What is a Proxy Server?
A proxy server is a middleman. It can be an outbound proxy like many businesses deploy to protect their internal systems from nefarious downloads or to block pages viewed with undesirable content. Proxy servers are usually put in place to filter content in some way. A parent may install a proxy filter on their home network to protect their children from bad content, whatever that means.

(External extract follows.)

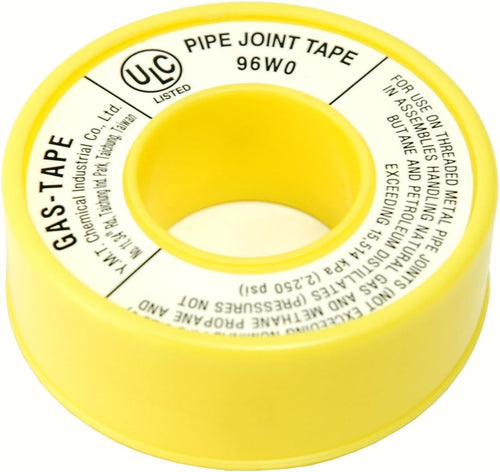 TAPE-1/2"x260" TEFLON YELLOW GAS LINE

When a proxy server is deployed, usually all traffic of a specific type, needs to be blocked or redirected to that proxy server or there isn’t much reason for end users to bother. So if you deploy a proxy web server in a home or work network, then all HTTP/HTTPS traffic trying to get to the internet needs to be forced to that proxy server. 100% of it. Squid is a commonly deployed proxy server for home and business users.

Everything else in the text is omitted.